══ Task inputs
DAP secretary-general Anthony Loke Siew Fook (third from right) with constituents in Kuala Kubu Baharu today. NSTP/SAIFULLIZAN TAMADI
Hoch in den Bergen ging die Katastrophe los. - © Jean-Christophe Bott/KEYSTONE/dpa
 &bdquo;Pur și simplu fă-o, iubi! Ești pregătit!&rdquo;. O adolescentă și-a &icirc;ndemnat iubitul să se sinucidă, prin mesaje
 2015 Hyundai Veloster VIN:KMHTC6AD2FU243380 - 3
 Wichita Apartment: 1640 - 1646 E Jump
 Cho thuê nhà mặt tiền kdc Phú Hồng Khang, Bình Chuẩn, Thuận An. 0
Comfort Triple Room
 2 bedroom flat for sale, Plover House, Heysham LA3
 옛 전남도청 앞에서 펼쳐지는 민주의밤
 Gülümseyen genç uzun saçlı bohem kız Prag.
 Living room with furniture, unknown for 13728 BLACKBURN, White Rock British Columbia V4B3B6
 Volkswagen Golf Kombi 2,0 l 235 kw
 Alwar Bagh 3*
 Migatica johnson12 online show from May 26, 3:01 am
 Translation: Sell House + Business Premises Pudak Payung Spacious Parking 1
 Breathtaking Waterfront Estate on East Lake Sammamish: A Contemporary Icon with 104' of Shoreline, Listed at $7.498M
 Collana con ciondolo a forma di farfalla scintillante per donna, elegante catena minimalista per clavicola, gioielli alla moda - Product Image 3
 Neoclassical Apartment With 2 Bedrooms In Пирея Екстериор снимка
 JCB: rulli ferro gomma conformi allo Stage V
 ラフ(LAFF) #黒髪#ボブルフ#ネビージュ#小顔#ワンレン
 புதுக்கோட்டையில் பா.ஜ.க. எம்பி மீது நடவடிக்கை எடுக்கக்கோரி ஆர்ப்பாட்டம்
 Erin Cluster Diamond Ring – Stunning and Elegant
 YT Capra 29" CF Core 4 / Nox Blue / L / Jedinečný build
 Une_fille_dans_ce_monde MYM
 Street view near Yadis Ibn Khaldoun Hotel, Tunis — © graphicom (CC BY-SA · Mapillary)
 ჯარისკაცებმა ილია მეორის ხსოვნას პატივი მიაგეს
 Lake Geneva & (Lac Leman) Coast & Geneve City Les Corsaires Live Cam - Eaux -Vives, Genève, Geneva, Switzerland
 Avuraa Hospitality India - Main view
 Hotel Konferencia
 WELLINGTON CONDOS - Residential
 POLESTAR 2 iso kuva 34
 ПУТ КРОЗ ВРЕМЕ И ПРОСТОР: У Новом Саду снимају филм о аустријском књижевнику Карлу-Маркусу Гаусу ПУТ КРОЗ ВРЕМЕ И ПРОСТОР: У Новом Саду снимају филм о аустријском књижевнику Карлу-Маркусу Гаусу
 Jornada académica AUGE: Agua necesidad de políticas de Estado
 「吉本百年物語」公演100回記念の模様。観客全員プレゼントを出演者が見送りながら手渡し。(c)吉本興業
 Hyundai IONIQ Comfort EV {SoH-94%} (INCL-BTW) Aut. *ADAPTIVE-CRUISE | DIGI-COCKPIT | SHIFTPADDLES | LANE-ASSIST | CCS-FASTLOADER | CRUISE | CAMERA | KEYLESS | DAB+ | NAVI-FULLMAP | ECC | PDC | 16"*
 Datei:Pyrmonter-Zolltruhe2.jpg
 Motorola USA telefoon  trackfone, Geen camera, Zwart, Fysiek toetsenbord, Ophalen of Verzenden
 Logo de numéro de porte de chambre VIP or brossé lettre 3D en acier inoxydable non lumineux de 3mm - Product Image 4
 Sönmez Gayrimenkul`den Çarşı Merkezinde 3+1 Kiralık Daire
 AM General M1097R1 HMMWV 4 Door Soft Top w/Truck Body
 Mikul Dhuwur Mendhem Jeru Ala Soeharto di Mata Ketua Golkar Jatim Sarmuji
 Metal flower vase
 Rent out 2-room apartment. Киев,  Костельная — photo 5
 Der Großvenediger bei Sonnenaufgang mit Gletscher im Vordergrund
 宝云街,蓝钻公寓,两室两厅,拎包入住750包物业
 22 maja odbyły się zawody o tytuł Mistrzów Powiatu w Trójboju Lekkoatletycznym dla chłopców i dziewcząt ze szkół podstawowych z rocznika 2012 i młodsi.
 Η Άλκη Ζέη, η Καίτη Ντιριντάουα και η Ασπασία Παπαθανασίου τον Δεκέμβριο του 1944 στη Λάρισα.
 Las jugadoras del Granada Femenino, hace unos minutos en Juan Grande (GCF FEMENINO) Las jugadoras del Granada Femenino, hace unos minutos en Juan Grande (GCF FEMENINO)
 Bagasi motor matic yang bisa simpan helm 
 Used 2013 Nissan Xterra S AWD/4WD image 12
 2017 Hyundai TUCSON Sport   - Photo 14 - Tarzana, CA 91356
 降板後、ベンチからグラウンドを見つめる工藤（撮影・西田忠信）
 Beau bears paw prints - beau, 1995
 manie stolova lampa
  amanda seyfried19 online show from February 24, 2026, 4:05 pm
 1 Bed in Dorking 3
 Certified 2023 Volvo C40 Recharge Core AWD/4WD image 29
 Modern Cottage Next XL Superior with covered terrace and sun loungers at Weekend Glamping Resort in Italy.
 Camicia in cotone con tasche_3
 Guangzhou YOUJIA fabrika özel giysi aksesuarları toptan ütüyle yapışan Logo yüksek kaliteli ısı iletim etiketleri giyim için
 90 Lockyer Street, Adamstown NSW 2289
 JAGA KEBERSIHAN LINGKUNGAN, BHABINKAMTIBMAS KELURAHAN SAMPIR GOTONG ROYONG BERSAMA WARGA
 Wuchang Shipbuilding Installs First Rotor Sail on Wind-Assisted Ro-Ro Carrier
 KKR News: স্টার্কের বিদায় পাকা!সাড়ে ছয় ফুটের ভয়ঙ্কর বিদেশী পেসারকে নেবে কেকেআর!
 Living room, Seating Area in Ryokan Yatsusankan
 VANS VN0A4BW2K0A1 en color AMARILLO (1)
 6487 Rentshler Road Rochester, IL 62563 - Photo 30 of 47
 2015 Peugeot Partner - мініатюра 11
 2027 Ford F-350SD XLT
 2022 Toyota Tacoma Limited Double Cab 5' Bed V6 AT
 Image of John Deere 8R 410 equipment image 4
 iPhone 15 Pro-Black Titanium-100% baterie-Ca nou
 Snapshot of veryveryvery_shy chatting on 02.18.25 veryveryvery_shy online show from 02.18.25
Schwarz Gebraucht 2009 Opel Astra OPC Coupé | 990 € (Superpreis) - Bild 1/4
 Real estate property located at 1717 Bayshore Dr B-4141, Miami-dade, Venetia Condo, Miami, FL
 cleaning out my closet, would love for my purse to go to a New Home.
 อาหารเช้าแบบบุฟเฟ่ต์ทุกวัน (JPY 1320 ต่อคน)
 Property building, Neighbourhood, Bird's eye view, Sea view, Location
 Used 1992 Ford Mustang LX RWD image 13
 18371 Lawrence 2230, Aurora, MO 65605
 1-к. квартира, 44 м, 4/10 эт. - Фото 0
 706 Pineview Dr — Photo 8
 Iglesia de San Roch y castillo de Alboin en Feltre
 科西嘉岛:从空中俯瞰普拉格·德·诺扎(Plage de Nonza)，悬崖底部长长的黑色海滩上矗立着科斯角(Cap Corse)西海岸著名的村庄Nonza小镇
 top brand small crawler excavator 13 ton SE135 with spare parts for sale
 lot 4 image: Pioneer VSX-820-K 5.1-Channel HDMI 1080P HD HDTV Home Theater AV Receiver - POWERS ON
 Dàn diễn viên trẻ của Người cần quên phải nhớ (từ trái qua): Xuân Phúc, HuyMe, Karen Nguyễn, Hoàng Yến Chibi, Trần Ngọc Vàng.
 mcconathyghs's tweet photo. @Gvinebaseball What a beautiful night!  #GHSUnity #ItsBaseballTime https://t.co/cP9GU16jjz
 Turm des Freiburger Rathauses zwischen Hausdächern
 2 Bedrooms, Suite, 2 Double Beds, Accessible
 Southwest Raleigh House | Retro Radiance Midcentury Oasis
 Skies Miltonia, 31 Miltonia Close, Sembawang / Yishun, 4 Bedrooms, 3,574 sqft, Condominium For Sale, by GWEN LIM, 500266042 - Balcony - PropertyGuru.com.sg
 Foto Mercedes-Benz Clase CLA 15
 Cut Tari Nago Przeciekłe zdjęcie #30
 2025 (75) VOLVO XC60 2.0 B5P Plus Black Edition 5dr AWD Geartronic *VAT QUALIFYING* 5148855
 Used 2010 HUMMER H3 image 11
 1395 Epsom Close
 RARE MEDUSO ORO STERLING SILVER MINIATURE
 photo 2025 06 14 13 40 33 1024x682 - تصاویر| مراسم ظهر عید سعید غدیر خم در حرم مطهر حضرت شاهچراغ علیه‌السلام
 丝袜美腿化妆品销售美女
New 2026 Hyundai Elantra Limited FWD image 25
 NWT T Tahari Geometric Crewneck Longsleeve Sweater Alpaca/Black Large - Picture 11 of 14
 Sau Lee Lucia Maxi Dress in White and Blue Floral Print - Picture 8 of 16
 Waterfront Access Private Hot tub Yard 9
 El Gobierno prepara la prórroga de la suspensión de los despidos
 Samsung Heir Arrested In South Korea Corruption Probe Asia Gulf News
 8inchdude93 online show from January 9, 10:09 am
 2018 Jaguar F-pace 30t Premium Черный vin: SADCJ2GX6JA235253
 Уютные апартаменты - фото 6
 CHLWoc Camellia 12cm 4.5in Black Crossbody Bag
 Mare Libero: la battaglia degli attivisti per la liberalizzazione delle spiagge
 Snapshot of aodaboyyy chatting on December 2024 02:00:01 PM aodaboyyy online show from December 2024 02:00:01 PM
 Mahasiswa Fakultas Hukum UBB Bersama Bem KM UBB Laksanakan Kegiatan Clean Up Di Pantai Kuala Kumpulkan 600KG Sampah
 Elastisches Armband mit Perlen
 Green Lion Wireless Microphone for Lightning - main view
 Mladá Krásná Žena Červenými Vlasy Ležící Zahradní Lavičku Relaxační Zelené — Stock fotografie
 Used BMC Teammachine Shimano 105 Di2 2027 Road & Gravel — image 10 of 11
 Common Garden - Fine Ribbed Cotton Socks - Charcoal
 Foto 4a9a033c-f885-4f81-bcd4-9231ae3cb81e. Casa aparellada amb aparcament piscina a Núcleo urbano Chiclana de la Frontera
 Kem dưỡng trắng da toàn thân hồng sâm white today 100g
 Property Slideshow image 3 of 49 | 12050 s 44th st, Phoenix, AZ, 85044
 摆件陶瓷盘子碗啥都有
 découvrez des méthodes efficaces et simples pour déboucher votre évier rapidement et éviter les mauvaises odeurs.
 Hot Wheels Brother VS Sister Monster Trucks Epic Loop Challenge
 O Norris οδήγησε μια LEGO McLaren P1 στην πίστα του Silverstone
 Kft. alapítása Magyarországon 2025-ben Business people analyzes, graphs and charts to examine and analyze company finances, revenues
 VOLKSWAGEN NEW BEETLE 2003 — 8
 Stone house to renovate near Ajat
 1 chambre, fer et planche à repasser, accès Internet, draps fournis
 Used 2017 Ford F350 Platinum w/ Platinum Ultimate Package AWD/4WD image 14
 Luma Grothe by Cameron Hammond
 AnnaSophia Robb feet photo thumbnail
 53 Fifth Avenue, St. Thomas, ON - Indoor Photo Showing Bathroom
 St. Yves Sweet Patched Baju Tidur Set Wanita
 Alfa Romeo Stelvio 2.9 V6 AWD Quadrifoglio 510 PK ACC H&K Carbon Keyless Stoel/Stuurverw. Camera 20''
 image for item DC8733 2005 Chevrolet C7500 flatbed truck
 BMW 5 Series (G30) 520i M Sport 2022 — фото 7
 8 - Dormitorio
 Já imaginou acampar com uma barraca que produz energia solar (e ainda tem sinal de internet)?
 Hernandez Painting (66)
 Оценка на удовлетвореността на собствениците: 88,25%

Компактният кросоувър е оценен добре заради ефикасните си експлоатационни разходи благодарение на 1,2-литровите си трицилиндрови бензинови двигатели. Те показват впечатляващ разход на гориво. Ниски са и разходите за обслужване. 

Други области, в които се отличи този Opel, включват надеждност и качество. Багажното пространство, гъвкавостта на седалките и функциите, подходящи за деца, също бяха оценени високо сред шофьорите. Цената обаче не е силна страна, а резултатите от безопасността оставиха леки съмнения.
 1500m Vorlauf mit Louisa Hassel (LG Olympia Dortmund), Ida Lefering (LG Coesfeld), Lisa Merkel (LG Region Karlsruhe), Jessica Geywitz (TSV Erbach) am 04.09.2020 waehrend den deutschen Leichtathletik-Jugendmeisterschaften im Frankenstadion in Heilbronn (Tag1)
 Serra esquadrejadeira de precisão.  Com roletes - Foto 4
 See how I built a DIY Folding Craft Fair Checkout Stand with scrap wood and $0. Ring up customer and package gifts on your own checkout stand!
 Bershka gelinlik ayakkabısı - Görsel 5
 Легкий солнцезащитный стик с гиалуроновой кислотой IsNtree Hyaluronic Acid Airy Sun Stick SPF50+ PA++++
════
• [Try it]: State the number of lines in the records that include the word "Hotel", and add nothing to it.

• [Result of the task]: 2